Captioned web images

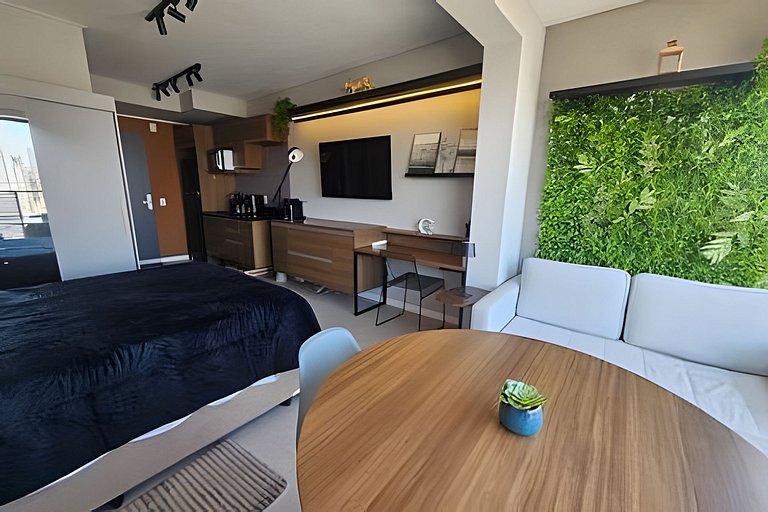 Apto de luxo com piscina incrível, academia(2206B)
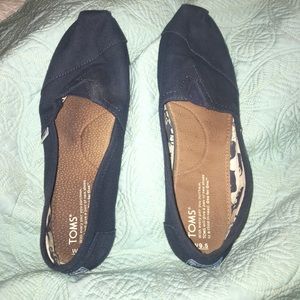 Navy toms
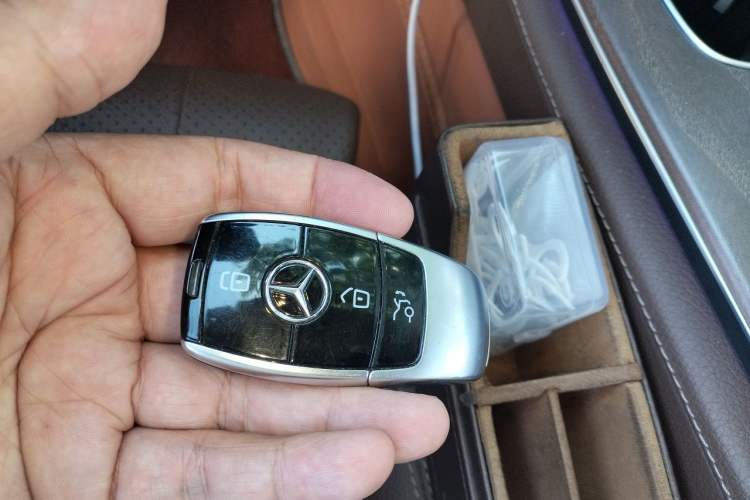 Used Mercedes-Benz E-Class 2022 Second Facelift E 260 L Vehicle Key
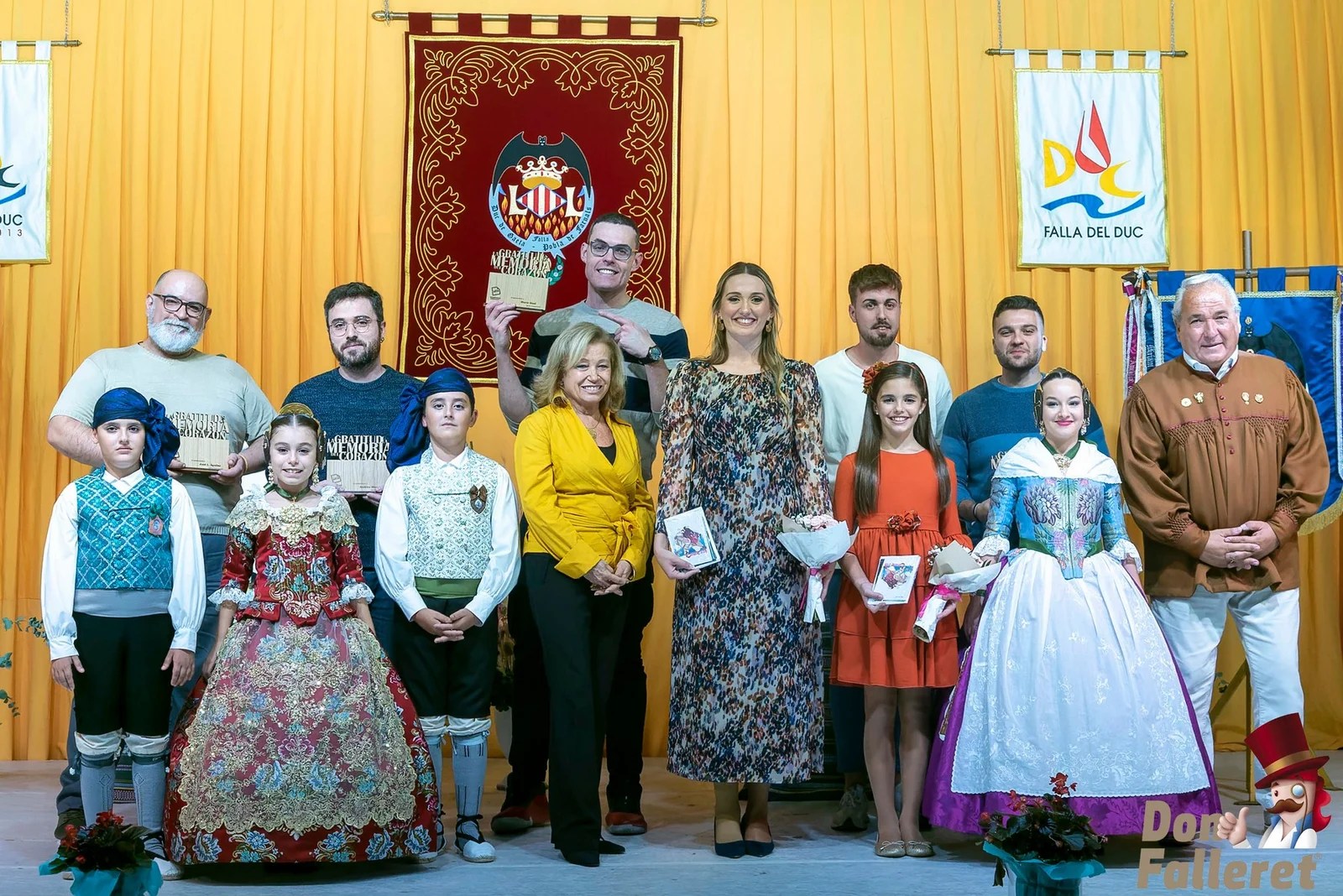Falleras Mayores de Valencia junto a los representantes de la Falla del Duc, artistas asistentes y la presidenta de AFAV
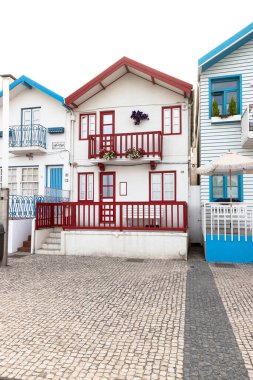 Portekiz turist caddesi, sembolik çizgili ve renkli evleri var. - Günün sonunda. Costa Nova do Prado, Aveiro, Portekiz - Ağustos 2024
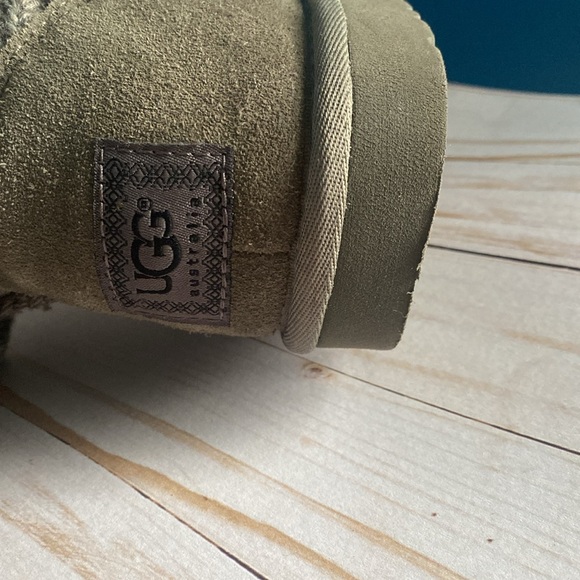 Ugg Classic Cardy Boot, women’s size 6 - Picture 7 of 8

▶ TASK TO CARRY OUT
With the pictures omitted, copy the entries above exactly from the line containing "Used Mercedes-Benz E-Class" through the line containing "Falleras Mayores de", both lines included.

▶ ANSWER TO THIS TASK
 Used Mercedes-Benz E-Class 2022 Second Facelift E 260 L Vehicle Key
Falleras Mayores de Valencia junto a los representantes de la Falla del Duc, artistas asistentes y la presidenta de AFAV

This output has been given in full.